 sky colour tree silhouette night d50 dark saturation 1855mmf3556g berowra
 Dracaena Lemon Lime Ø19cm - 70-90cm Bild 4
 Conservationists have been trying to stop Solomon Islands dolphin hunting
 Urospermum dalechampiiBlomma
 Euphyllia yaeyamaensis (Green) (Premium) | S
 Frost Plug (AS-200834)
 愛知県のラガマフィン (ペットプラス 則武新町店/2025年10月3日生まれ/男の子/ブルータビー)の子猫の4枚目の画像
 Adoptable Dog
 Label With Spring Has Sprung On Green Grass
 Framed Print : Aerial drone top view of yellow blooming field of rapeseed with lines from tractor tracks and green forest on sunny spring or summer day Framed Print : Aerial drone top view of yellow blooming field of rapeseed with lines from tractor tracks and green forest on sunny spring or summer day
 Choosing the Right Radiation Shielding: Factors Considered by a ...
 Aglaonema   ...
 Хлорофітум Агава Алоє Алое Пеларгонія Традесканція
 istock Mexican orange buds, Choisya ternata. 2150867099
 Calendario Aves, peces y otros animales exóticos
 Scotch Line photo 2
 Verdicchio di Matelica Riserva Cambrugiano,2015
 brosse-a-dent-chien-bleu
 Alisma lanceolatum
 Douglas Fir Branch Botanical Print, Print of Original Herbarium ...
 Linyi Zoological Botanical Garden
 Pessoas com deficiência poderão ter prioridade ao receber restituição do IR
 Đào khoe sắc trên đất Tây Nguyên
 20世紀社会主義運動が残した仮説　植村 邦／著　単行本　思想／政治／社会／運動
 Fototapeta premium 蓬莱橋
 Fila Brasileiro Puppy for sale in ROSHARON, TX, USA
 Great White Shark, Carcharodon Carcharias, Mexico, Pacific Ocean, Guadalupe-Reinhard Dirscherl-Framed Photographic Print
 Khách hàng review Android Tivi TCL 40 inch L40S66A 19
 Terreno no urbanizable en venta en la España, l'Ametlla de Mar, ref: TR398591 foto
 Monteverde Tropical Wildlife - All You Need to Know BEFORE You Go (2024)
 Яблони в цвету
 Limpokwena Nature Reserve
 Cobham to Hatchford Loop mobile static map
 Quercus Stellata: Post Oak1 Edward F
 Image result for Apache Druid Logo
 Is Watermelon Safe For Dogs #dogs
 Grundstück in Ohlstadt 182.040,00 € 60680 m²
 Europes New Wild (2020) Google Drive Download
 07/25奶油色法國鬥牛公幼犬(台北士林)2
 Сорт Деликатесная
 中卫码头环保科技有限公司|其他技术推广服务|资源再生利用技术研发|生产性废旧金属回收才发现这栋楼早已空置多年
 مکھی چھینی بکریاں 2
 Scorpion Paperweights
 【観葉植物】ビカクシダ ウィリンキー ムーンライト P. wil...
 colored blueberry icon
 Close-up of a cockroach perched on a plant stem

========

**Brief:** Copy each line exactly, from the line containing "Яблони в цвету" down to the last line of the material, and no other lines.

**Response to this exercise:**
 Яблони в цвету
 Limpokwena Nature Reserve
 Cobham to Hatchford Loop mobile static map
 Quercus Stellata: Post Oak1 Edward F
 Image result for Apache Druid Logo
 Is Watermelon Safe For Dogs #dogs
 Grundstück in Ohlstadt 182.040,00 € 60680 m²
 Europes New Wild (2020) Google Drive Download
 07/25奶油色法國鬥牛公幼犬(台北士林)2
 Сорт Деликатесная
 中卫码头环保科技有限公司|其他技术推广服务|资源再生利用技术研发|生产性废旧金属回收才发现这栋楼早已空置多年
 مکھی چھینی بکریاں 2
 Scorpion Paperweights
 【観葉植物】ビカクシダ ウィリンキー ムーンライト P. wil...
 colored blueberry icon
 Close-up of a cockroach perched on a plant stem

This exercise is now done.